Start with the line that holds "Z48410 Zambaiti Parati". Please copy it and each remaining line below exactly, leaving pictures out.

[Collected data — start]

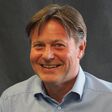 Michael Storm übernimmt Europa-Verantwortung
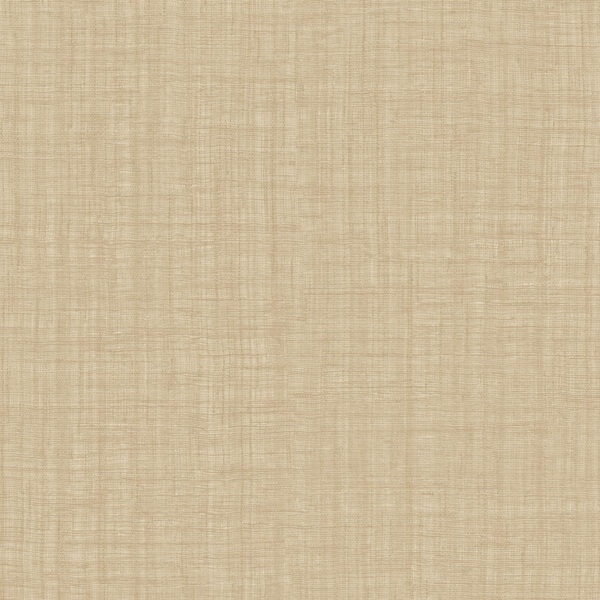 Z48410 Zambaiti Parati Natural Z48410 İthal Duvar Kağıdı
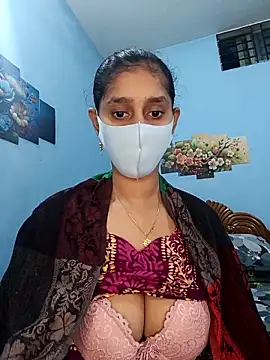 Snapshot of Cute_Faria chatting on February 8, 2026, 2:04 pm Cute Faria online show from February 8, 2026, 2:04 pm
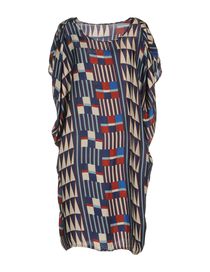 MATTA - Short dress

[Collected data — finish]

## Problem solution:
 Z48410 Zambaiti Parati Natural Z48410 İthal Duvar Kağıdı
 Snapshot of Cute_Faria chatting on February 8, 2026, 2:04 pm Cute Faria online show from February 8, 2026, 2:04 pm
 MATTA - Short dress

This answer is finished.